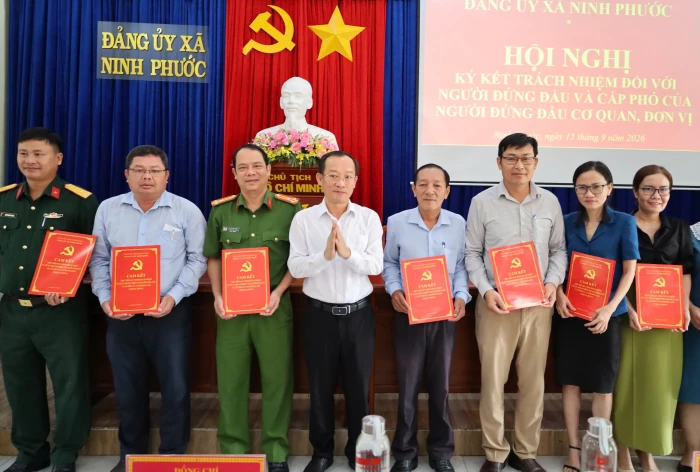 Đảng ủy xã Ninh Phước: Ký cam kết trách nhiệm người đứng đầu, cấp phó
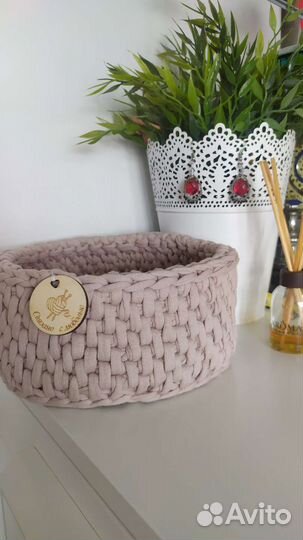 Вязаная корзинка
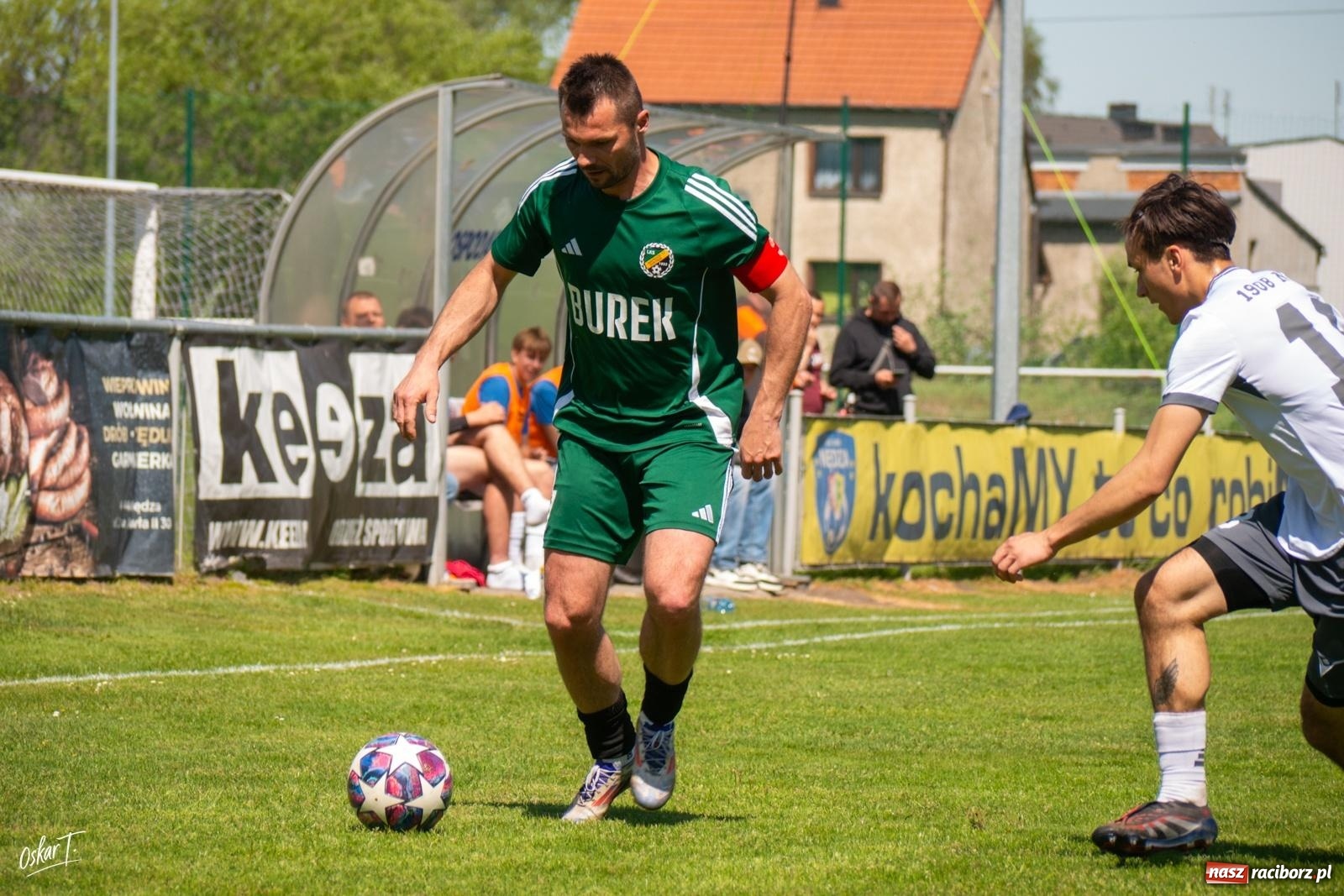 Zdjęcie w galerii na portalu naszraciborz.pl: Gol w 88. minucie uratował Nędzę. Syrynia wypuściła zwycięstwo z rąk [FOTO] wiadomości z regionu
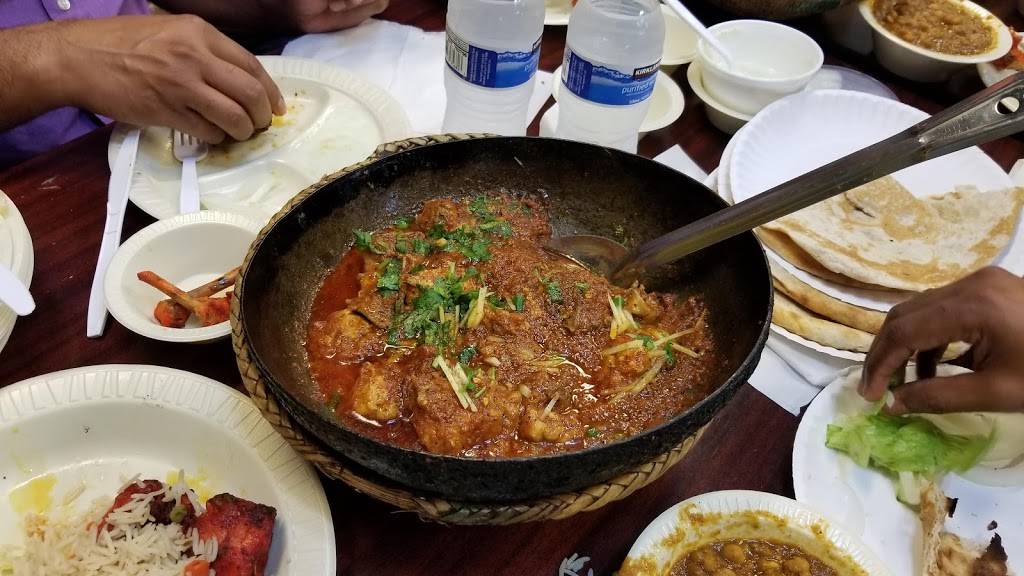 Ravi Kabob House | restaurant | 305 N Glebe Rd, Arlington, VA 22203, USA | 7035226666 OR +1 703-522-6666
_ _ _ _ _ _ _
◆ **Work required**
Please reproduce all the material exactly. Pictures stay out of the copy.

◆ **Problem solution**
 Đảng ủy xã Ninh Phước: Ký cam kết trách nhiệm người đứng đầu, cấp phó
 Вязаная корзинка
 Zdjęcie w galerii na portalu naszraciborz.pl: Gol w 88. minucie uratował Nędzę. Syrynia wypuściła zwycięstwo z rąk [FOTO] wiadomości z regionu
 Ravi Kabob House | restaurant | 305 N Glebe Rd, Arlington, VA 22203, USA | 7035226666 OR +1 703-522-6666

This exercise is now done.